What needs to be done:
Output the line containing "Repellente DISOR CITRONELLA 1LT UNIKA" and each line after it through the end of the data, exactly as written, with pictures left out.

-----

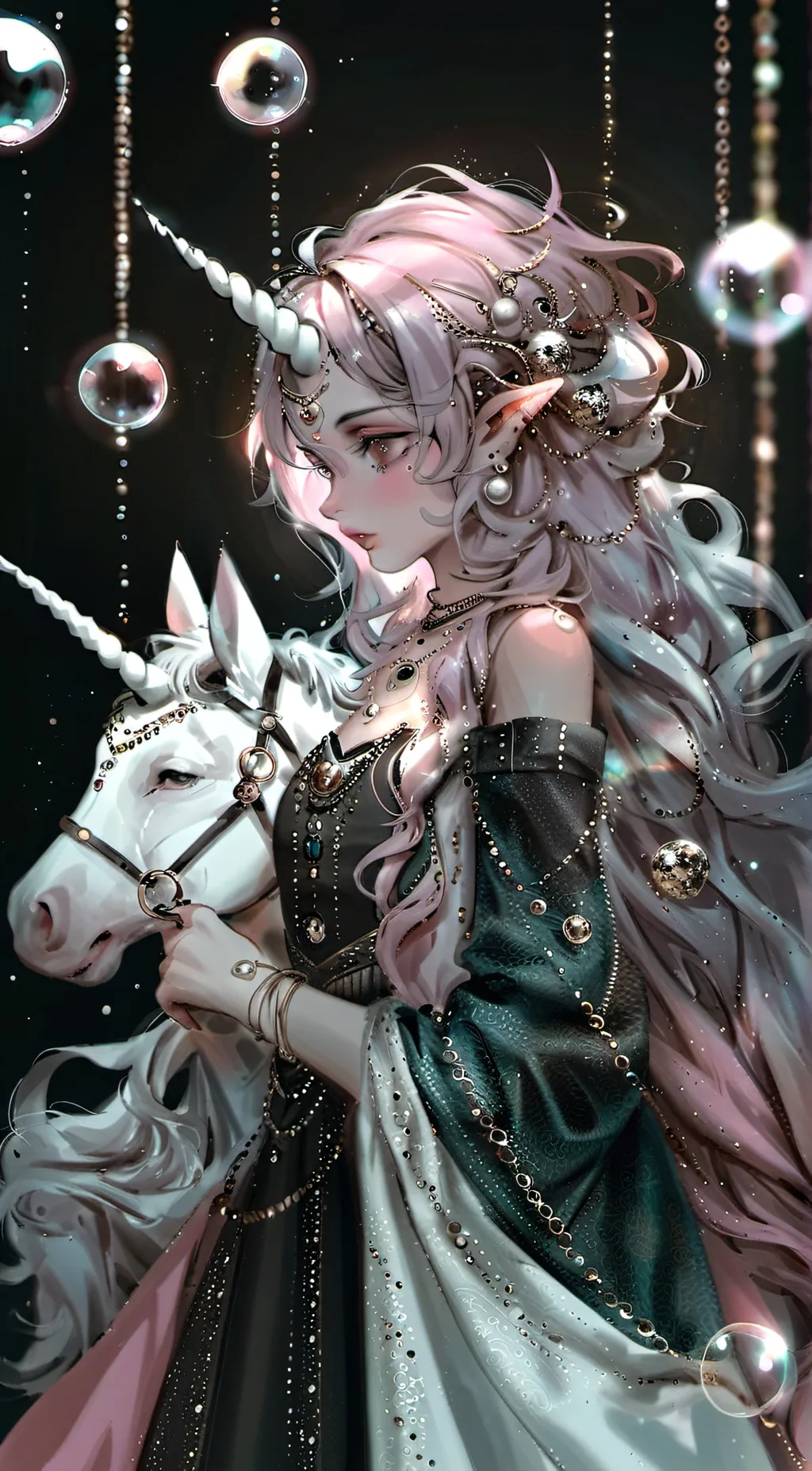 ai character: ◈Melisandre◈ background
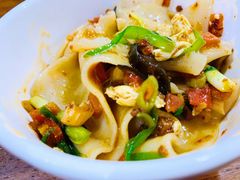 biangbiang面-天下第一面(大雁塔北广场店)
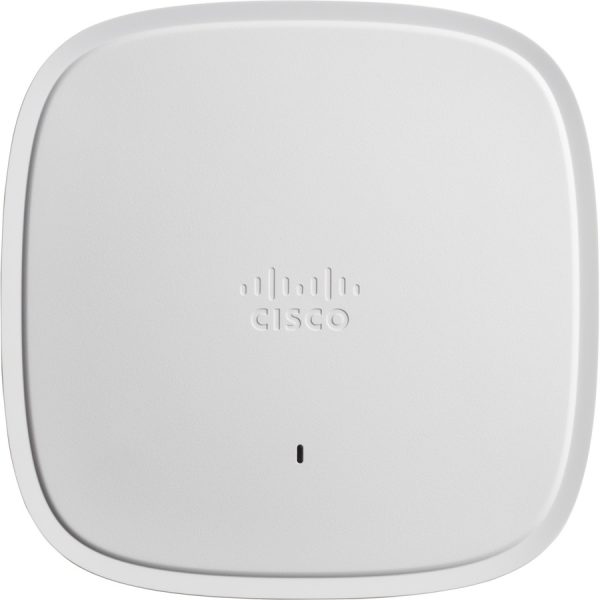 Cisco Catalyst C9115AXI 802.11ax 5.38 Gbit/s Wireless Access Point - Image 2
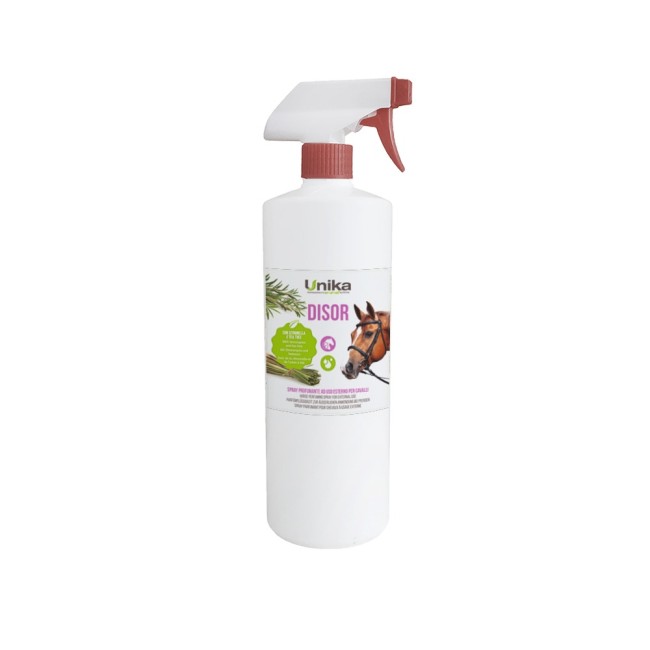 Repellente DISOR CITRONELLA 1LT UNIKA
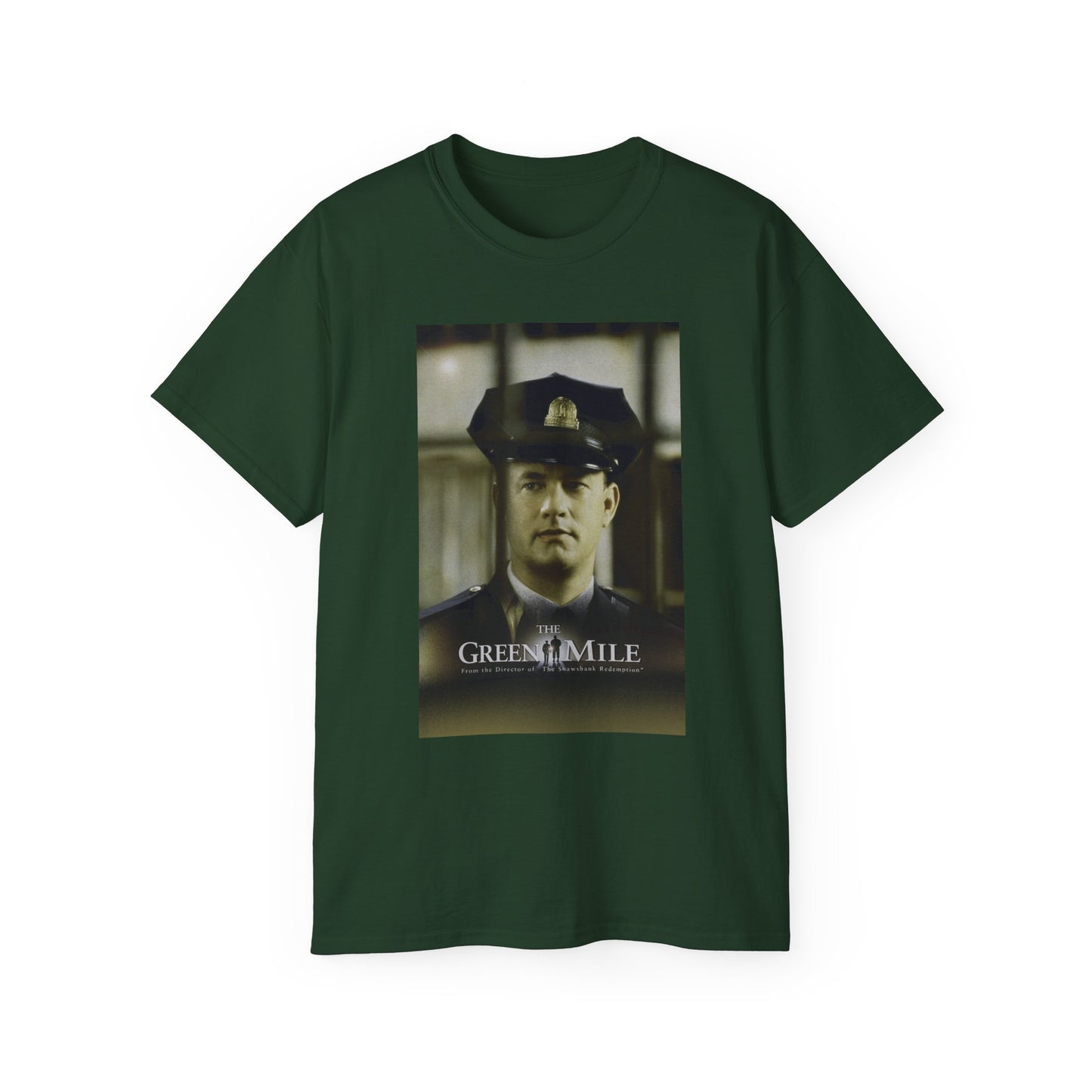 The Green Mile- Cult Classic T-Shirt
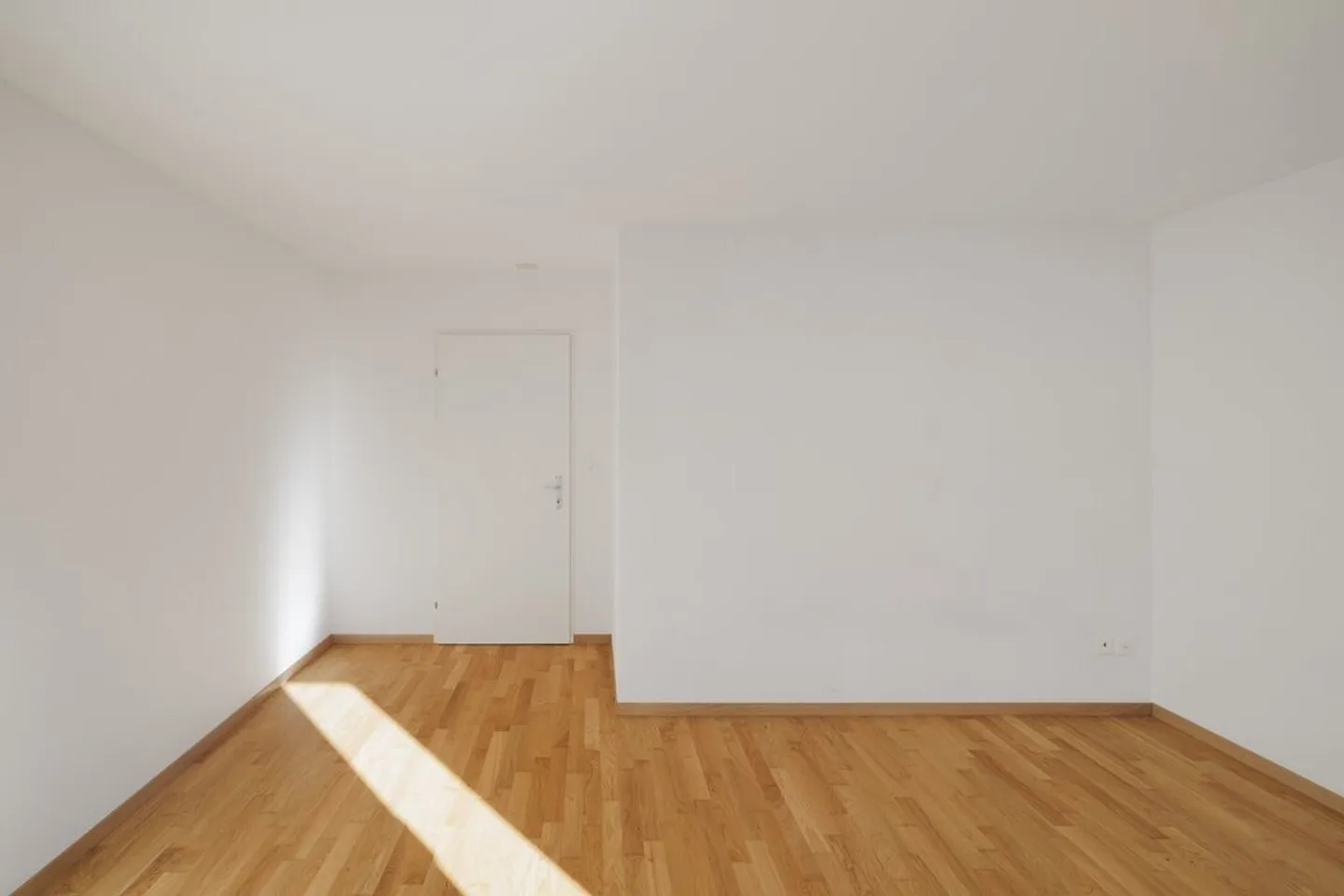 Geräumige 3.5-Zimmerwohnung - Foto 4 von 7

-----

Response:
 Repellente DISOR CITRONELLA 1LT UNIKA
 The Green Mile- Cult Classic T-Shirt
 Geräumige 3.5-Zimmerwohnung - Foto 4 von 7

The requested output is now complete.